# [RECORD SET]

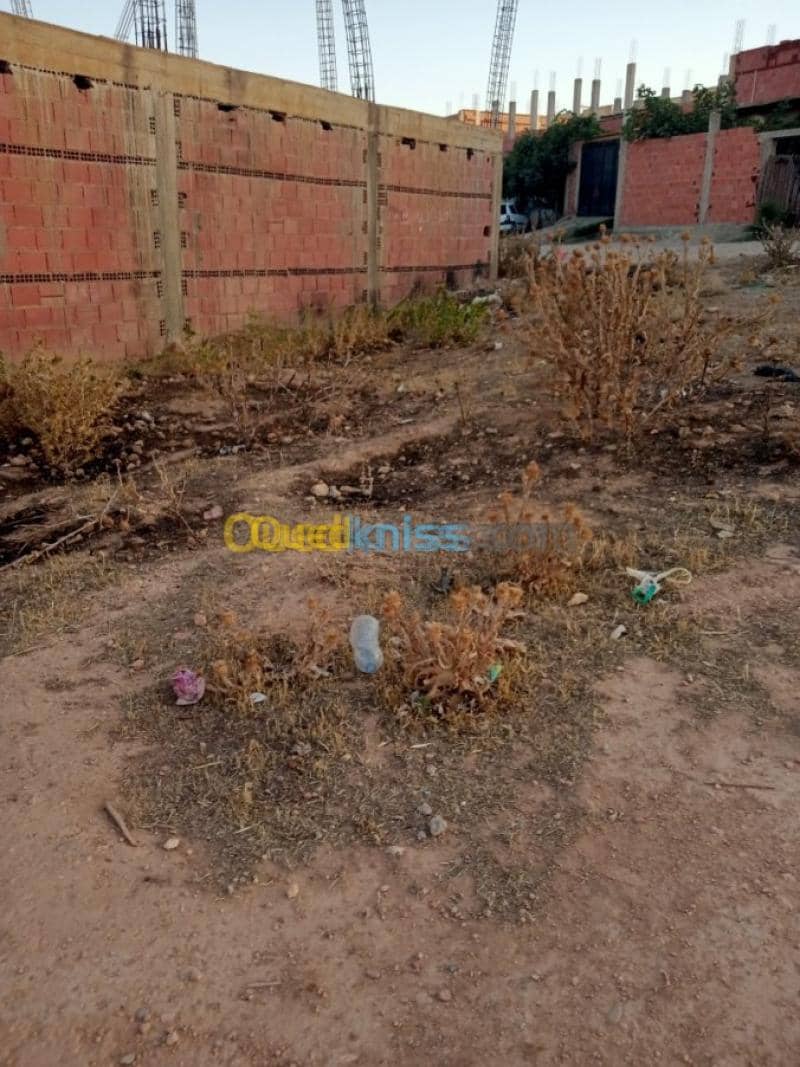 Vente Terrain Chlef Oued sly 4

==

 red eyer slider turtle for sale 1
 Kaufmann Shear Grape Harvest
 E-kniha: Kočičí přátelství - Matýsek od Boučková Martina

# [WORK REQUEST]
From the material above, retype precisely the lines between the line holding "Kaufmann Shear Grape Harvest" and the line holding "E-kniha: Kočičí přátelství", inclusive, and nothing beyond them.

# [SOLUTION BELOW]
 Kaufmann Shear Grape Harvest
 E-kniha: Kočičí přátelství - Matýsek od Boučková Martina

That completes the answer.